#### Exercise directions:
Which of the lines in the listing that follows hold "Jeans"? Pull each one out.

#### Material shown:
:::

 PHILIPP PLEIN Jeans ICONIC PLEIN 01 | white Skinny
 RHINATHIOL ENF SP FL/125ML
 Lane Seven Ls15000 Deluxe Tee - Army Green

:::

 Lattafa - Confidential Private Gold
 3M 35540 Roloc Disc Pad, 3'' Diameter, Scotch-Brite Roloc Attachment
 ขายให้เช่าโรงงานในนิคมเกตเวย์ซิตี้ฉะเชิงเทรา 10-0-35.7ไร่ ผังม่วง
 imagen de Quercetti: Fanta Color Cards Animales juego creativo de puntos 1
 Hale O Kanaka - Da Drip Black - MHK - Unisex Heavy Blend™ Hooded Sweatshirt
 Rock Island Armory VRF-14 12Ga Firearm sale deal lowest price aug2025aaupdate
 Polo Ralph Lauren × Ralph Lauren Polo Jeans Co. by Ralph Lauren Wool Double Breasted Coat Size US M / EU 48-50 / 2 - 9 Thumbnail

:::

#### Exercise output:
 PHILIPP PLEIN Jeans ICONIC PLEIN 01 | white Skinny
 Polo Ralph Lauren × Ralph Lauren Polo Jeans Co. by Ralph Lauren Wool Double Breasted Coat Size US M / EU 48-50 / 2 - 9 Thumbnail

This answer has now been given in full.